1 box cake mix (15.25 oz)
1 box instant pudding mix (3 oz)
3/4 cup sour cream
1/3 cup canola oil
1/2 cup water
1/4 cup milk
Mix all ingredients together on low speed for 1 minute. Mix on medium/low for 2-3 minutes. Pour divided batter into two greased and floured 9in round cake pans. Bake at 350 for 25-30 minutes.
1) When you grease your pans, always use real butter. Evenly coat the pan and pour a little flour in the pan and shake around to evenly coat. This works much better than the non-stick spray. Your cake will always come out in one piece and be nice and smooth.
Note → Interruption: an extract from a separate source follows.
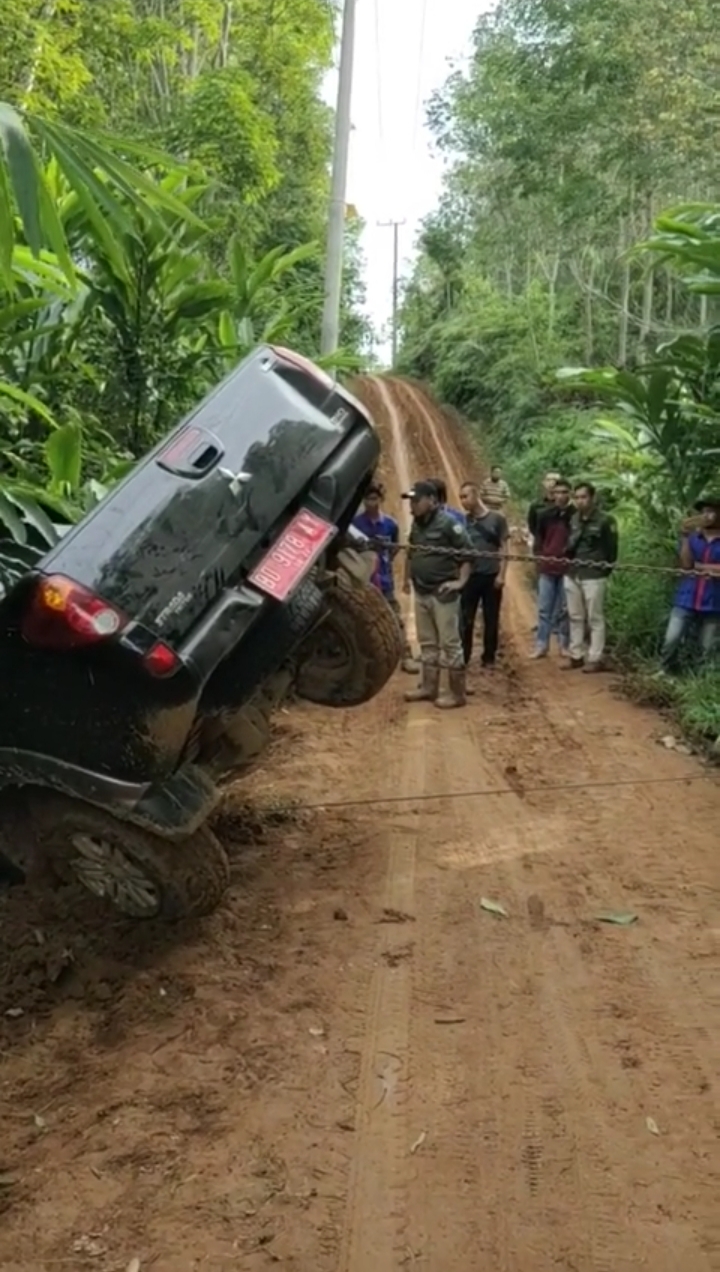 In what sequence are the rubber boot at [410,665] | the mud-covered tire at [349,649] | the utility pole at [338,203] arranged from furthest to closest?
1. the utility pole at [338,203]
2. the rubber boot at [410,665]
3. the mud-covered tire at [349,649]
2) I prefer the Betty Crocker Super Moist cake mix. I usually use the butter recipe yellow mix and then add in vanilla pudding or lemon depending on what I’m in the mood for. If you are using lemon pudding, replace the milk in the recipe for 2-4 tbsp of fresh lemon juice.
3) My cakes are usually perfect at 27min. I have not tried this recipe with a 9×13 pan but I suspect the time would be closer to 30-35 min.
4) Don’t wear a chain necklace while you bake as it will burn your neck when you open the oven door.
5) Make a trifle out of your cake! Mix a 3 oz box of instant pudding with 2 cups milk. Refrigerate until set. Take one 16oz container of cool whip and mix about 1/3 of the container with the set pudding. (Cool whip must not be frozen, so it will mix easily….just leave in fridge for a couple hours to thaw.) Fill trifle bowl as follows: a layer of cake on the bottom (cut up to fit as evenly as possible), pudding mixture, another cake layer, and remaining cool whip on top. There may be some extra cake and cool whip left over. You can layer dessert glasses with cake, berries, and cool whip for an extra treat. (Oh, and the pampered chef trifle bowl totally rocks.)
1 stick of butter (softened)
1 8oz block of cream cheese (softened)
1 tsp of vanilla
3-4 cups of powdered sugar or to taste.
If you are making a lemon pudding cake, add one tablespoon of lemon juice in place of the vanilla.
Lots of flavor combos you can do with this. I’ve made a “sour cream pudding cake” three times in the past two weeks. They are awesome! Surprisingly, I was not able to snap a photo of any of these because a) I’m lazy, and b) they were gone too fast.